In recent weeks, Ukrainian troops have been pressing ahead with a counteroffensive in the region, which was seized by Russian forces in the early days of the war. Kyiv has taken back settlements along the western bank of the Dnieper River since early September.

Meanwhile, Russian officials, and hosts and guests on Russian state TV, appear to be preparing citizens for bad news amid Kyiv’s intensifying counteroffensive.

Kherson residents and pro-Russian officials began to leave Kherson on Wednesday, with authorities saying that they plan to transport about 50,000 to 60,000 people to the east bank of the Dnieper River within a week.

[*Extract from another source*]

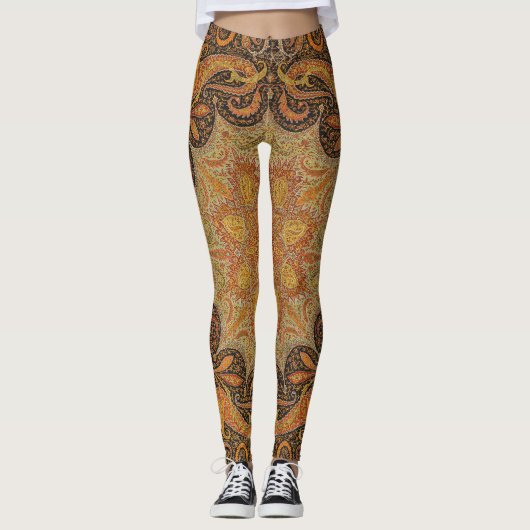 Antiek Indiase Boteh Pattern Leggings (Voorkant)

Citing unverified reports from Telegram accounts based in Kherson city, the ISW said that Russian forces disbanded and looted a fire station in the city, and ferried fire trucks, stolen civilian cars, and other miscellaneous household items across the Dnieper River to Hola Prystan, another city in the Kherson region.

The ISW noted that the Ukrainian service of Radio Free Europe/Radio Liberty also reported on Thursday that Russian forces are now moving military equipment from the west bank to the east bank of the Dnieper River in the face of recent Ukrainian advances.

The outlet published satellite imagery that appears to show a Russian cargo ferry traveling across the Dnieper River from Kozatsk, located on the west bank, to Nova Kakhovka, on the east bank.

The think tank said these reports indicate that Russian President Vladimir Putin’s troops are likely deliberately removing large amounts of personnel and equipment from the west bank of the Dnieper River amid Ukrainian advances. “Russian forces have likely learned, at least in part, from their failures during the panicked Russian retreat from Kharkiv Oblast in the face of a previous Ukrainian counteroffensive,” the ISW assessed, referring to a successful Ukrainian counteroffensive in northeast Ukraine last month that saw Kyiv recapture swathes of its territory in just weeks.  “The militarily sensible thing would be to remove men and equipment in good order to avoid another devastating rout. Such a rout in Kherson could trap Russian forces and equipment on the west bank of the Dnieper River,” the ISW said.

Putin on Wednesday announced that he had signed a law introducing martial law in the Kherson region, and three other Ukrainian regions that he proclaimed to have formally annexed, in violation of international law.

Meanwhile, the new commander of Putin’s army in Ukraine, General Sergei Surovikin, told the state-run Rossiya 24 TV news channel this week that “the situation is not easy” in Kherson, and that “hard decisions must be made.”  The General Staff of the Armed Forces of Ukraine said on Friday that up to 2,000 Russian conscripts have arrived in Kherson to make up for Putin’s combat losses.

Newsweek has contacted Russia’s Foreign Ministry for comment.